I've got some from Boots, works quite well


----------



## Rollin (14 July 2009)

In the `uk `i got my DEET from my vet now order NAF from Ride a way.  I have a very sensitive Arab and use human repellent on her as DEET burns her.


----------



## NeilM (14 July 2009)

A lot of hunters in America use tumble drier sheets, both in their hides and cabins / tents.

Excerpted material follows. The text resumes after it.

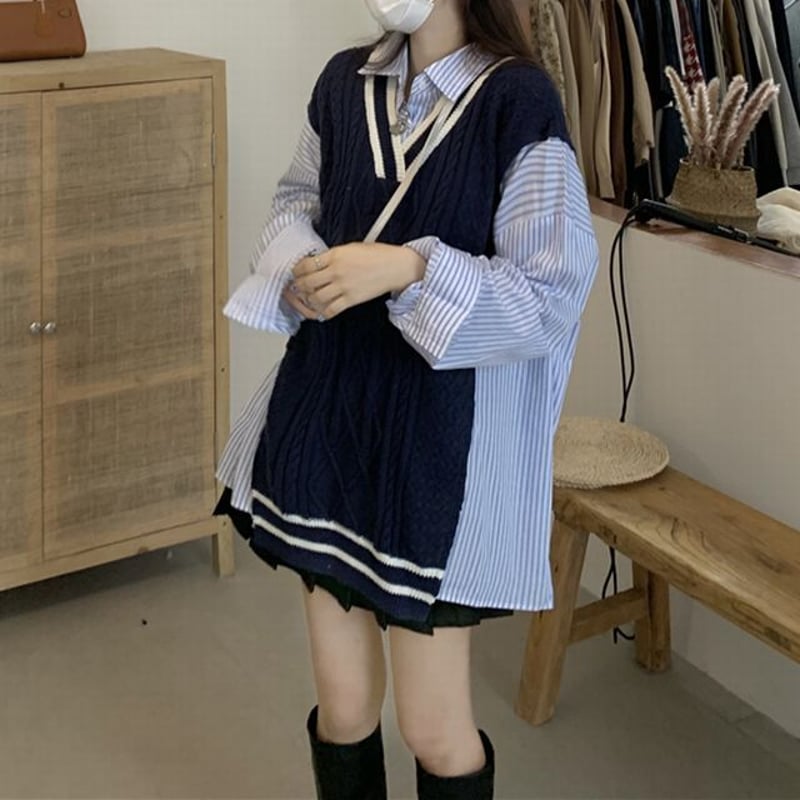 【美品✨】ENFOLD レイヤードドッキングニットトップス　グリーン　ストライプ 美品✨】ENFOLD レイヤードドッキングニットトップスグリーン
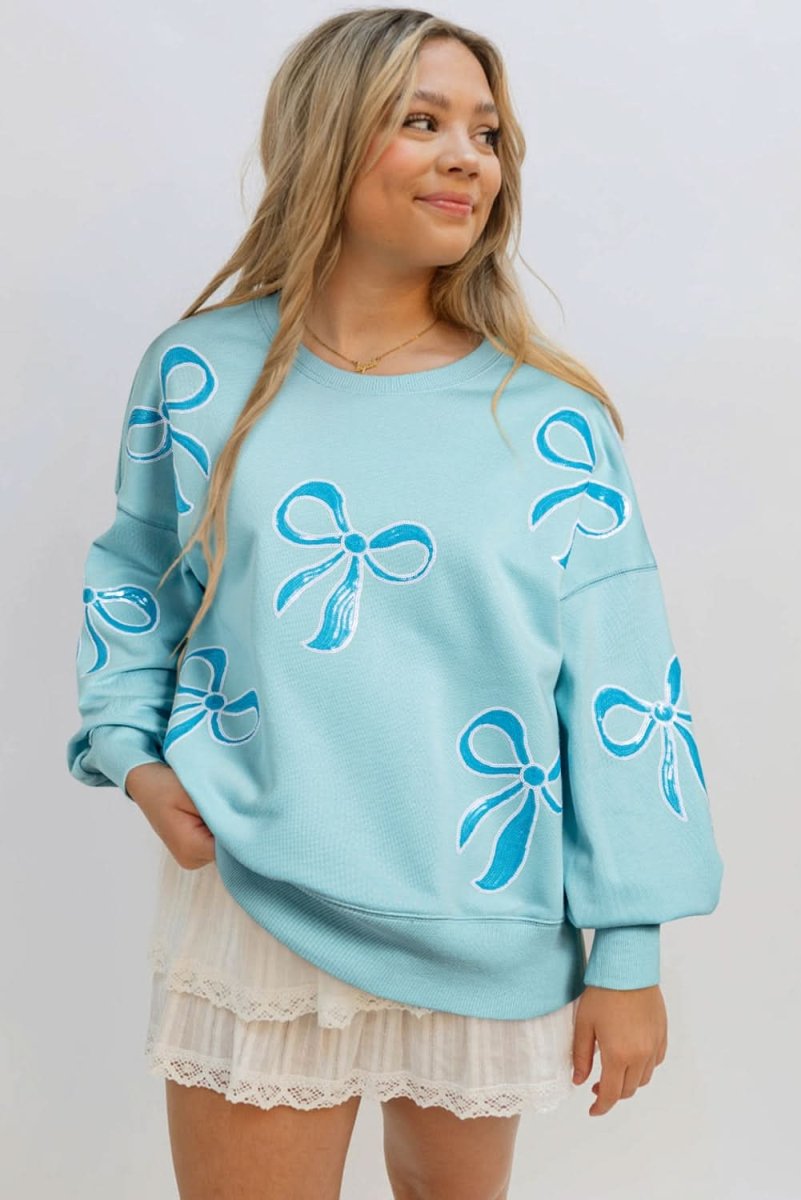 Beau Blue Sequined Bowknot Drop Shoulder Oversized Sweatshirt - Love Salve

I'm not too keen on DEET, but any walking or outdoor shop will have a range of insect repellents. I tend to buy whatever is cheap and has plenty of citronella in it, from my local 'drug' store.


----------



## Chico Mio (14 July 2009)

Avon Skin so Soft.  If it's good enough for the Marines, it's good enough for you.  Plus you'll smell lovely - not something you can say about every fourteen year old lad


----------



## suzysparkle (14 July 2009)

Avon skin so soft (the soft and fresh one) dry oil spray is brilliant and cheap. You see it being sold in all the outdoor shops now. It smells nice and has nothing nasty in it. I'm not overly keen on DEET (though it does work well) as it can be irritating and if you ever get it in your mouth it tastes utterly disgusting. Here's some info on the Avon stuff:
http://www.avoidmosquitobites.com/mosqui...t-repellent.asp


----------



## CastleMouse (14 July 2009)

I've used "Jungle".


----------